My brother and sister-in-law read to their kids, and I certainly would if/when I have any. My girlfriend's parents come from a more old-fashioned Indian education background and they had her reading Dickens by herself before she went to primary school.
And speaking of their tradition, her old man sings - used to play guitar too and play in bands doing Beatles and Dylan and stuff in Trivandrum in the early '70s. But in the Indian classical tradition, like it has become in the Anglo tradition in the last 60 years only, you are considered either musical/a singer, or not. If not, you don't bother. This is definitely sad.
My parents played no instruments, and are not obsessive about music like I am. But my mother used to sing in the car (and later in the choir ?) and the message I got was that you can make music just to entertain yourself. So I've always sung. When I was exposed to the broader South African public after my apartheid upbringing, I realised something incredible. Virtually everyone sings. It's only in my culture that most people say, "I'm tone deaf. I can't hold a tune." In the rest of the South African cultures it's as rare to not sing as it is to sing in my culture.
It blew my mind watching complete strangers meet and break into four-part harmonies ??? Among my friends I'm one of the best singers. Among my colleagues, I'm one of the worst.

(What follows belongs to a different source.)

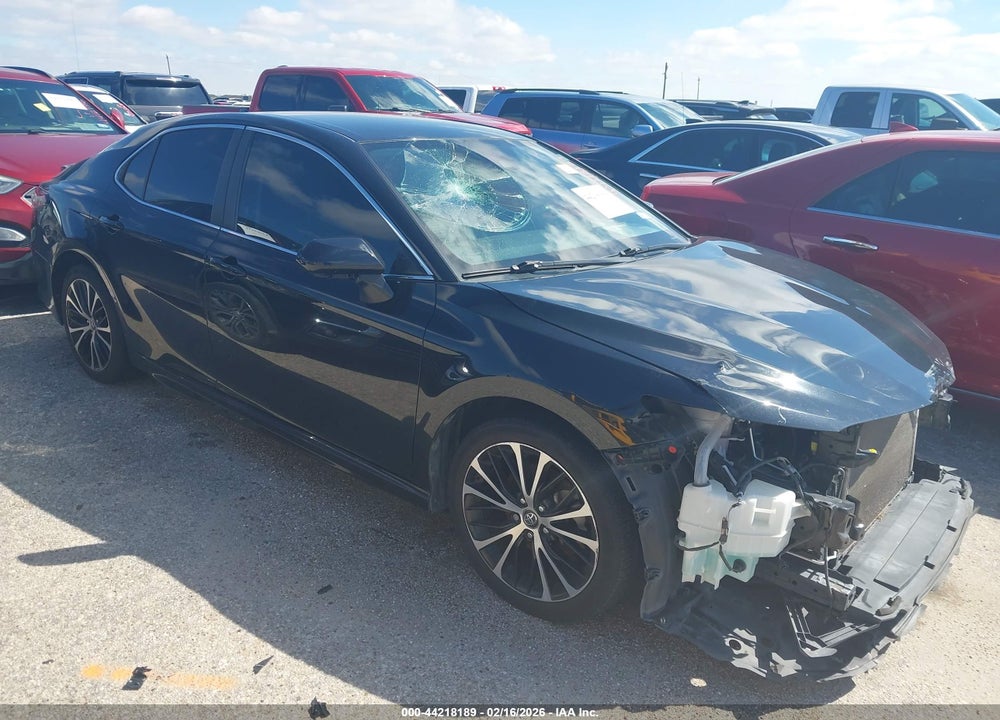 2019 TOYOTA CAMRY SE VIN: 4T1B11HK2KU757989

But I know how this happens. I think I said before, but I met an old Welsh guy in Cyprus who, astonished that any twenty-something (back then) would be remotely interested - described how he remembered his father and his brothers coming up the road from the pits, making the valley ring with their harmony singing. The mines closed, more expensive forms of entertainment became affordable, and both singing and rugby declined markedly in quality and numbers of participants.
It's a terrible shame. In fact, one of the only things that I dislike about the collapse of orthodox church-going, is the death of the singing tradition in my culture. It makes me go >☹ when I go to funerals and I, the atheist, am the only one who can carry the tune of these ultra-famous anthemic hymns - everybody else murmuring tonelessly.
But for all this rant, I don't know what's to be done. The tradition this forum represents is a lot of people developing skills to entertain. But it's still a minority thing. We play to passive audiences - even at events I have at my house in which everyone may participate it's the people with the skills playing to entertain those who don't. The singalong is gone.